Phloeosinus thujae

Phloeosinus thujae

The Fleosino of tuja (Phloeosinus thujae (Perris, 1855)) is a small beetle from the Scolitidi family.

Systematics –
From a systematic point of view, it belongs to the Eukaryota Domain, Animalia Kingdom, Subgenus Eumetazoa, Phylum Arthropoda, Subphylum Tracheata, Superclass Hexapoda, Class Insecta, Subclass Pterygota, Cohort Endopterygota, Superorder Oligoneoptera, Section Coleopteroidea, and then to the genus Phloeosinus and the P. thujae species.

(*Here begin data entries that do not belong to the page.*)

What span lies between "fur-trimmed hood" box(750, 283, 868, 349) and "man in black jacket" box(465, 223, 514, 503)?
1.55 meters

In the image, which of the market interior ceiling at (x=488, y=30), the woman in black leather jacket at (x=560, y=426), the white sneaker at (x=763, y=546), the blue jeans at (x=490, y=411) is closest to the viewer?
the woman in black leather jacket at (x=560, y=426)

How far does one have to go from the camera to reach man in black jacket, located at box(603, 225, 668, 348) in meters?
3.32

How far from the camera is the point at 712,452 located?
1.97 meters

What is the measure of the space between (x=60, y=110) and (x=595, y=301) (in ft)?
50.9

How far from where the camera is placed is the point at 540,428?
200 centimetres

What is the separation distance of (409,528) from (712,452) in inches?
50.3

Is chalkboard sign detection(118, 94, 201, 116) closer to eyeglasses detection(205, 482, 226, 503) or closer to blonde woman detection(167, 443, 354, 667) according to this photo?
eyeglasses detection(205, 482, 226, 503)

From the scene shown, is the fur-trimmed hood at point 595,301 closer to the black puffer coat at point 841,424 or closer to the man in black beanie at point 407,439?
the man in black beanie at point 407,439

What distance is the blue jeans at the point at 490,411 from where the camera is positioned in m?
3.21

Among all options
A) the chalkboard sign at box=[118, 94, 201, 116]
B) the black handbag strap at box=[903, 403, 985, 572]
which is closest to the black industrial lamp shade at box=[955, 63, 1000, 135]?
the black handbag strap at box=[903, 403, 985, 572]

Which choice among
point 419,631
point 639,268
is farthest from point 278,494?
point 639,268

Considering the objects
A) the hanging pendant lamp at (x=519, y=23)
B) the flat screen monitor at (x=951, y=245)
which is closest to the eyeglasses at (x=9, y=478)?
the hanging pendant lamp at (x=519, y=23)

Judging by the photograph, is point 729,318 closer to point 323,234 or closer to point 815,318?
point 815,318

Geographical Distribution and Habitat –
The Phloeosinus thujae is a small beetle that lives on plants such as Cypresses, Thuje, Ginepri, Sequoias and others. It lives and reproduces in almost all of continental Europe and in Great Britain. It is a species that is present on many continents mainly because it is transported with material and various wooden artefacts.

Morphology –
The Fleosino of tuja is a small beetle, of 2-3 mm, blackish-brown in color with a cylindrical body and short antennae and pronounced final articles.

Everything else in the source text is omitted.